Records from a data collection:
-*-*-

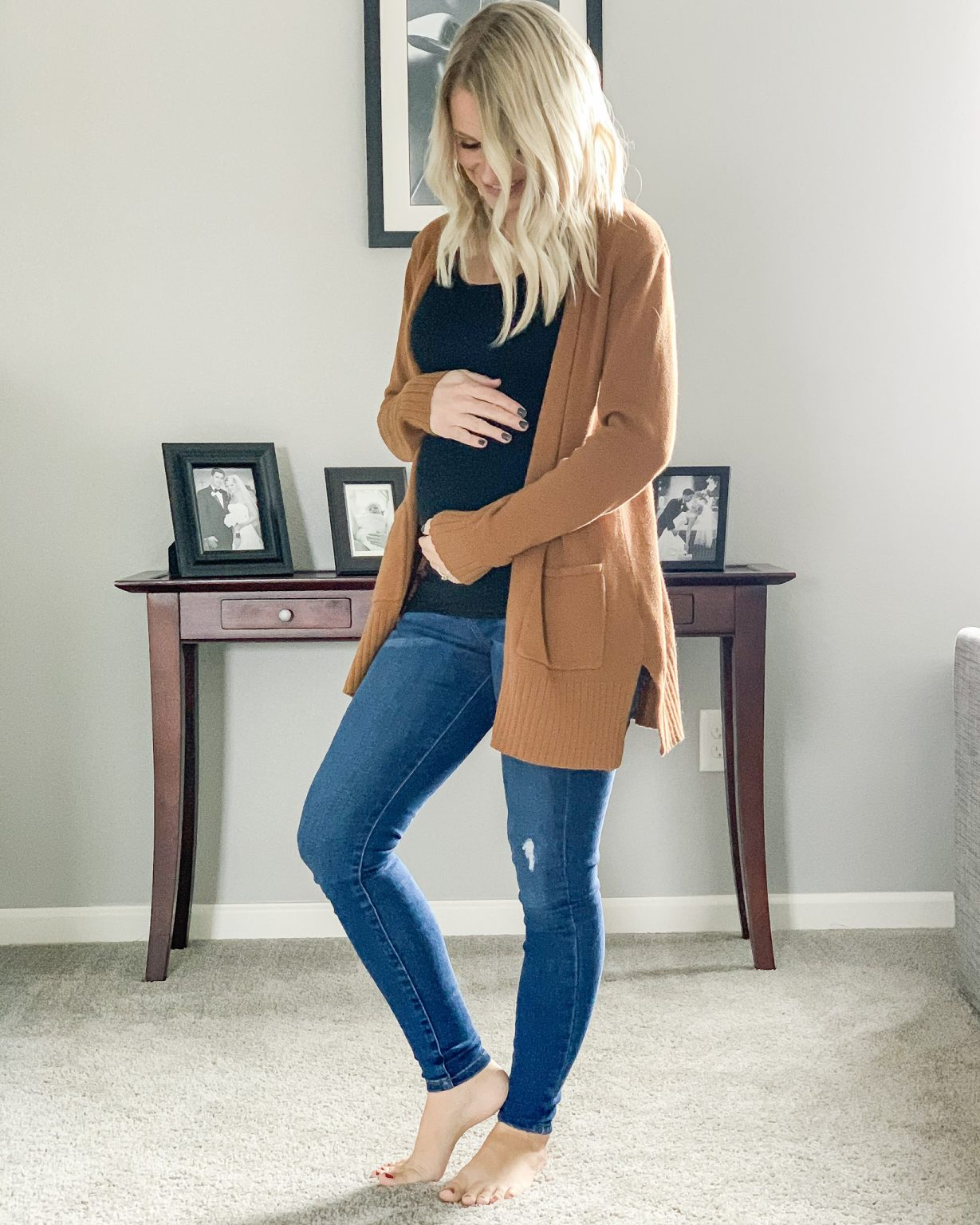 Essential Maternity Clothes: What to Buy And Avoid Buying While Pregnant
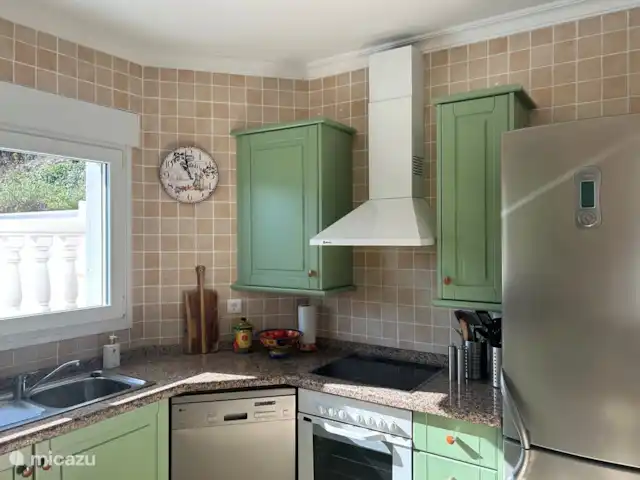 Casa Rena huren in Spanje, Costa Blanca, Orba - villa Keuken met uitzicht op zwembad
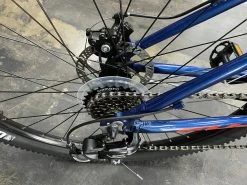 Fuji Adventure 27.5 Disc Shimano Tourney 7 Speed - Dark Blue 2022 -Bicycle Shop Gzct4pzki 9rXt0ybpRelbyis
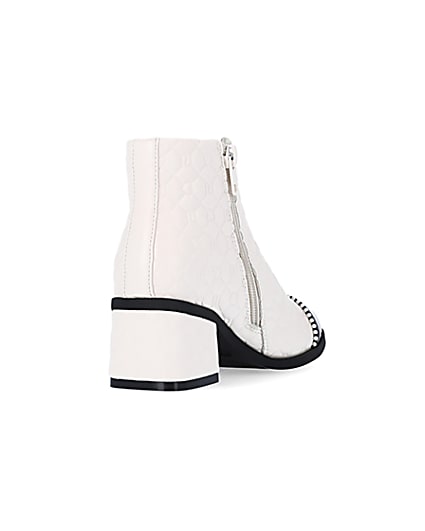 360 degree animation of product Girls White Quilted Studded Heeled Boots frame-11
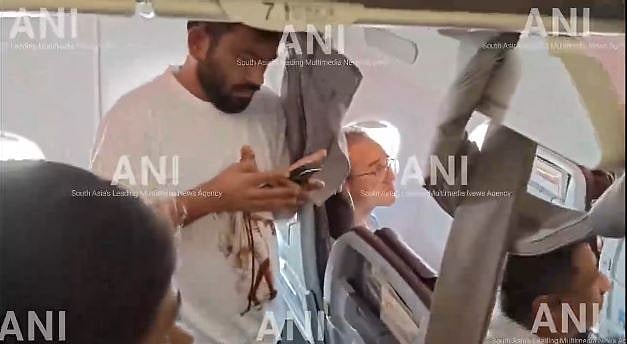 ​Jantar Mantar Protest: ഡല്‍ഹി പൊലീസ് വിമാനത്തിനുള്ളില്‍, ദീപ്കെ കസ്റ്റഡിയില്‍; നാടകീയ നീക്കം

-*-*-

-- ASSIGNED TASK --
Repeat every entry above exactly as written and omit any pictures it holds.

-- OUTPUT FOR THIS TASK --
 Essential Maternity Clothes: What to Buy And Avoid Buying While Pregnant
 Casa Rena huren in Spanje, Costa Blanca, Orba - villa Keuken met uitzicht op zwembad
 Fuji Adventure 27.5 Disc Shimano Tourney 7 Speed - Dark Blue 2022 -Bicycle Shop Gzct4pzki 9rXt0ybpRelbyis
 360 degree animation of product Girls White Quilted Studded Heeled Boots frame-11
 ​Jantar Mantar Protest: ഡല്‍ഹി പൊലീസ് വിമാനത്തിനുള്ളില്‍, ദീപ്കെ കസ്റ്റഡിയില്‍; നാടകീയ നീക്കം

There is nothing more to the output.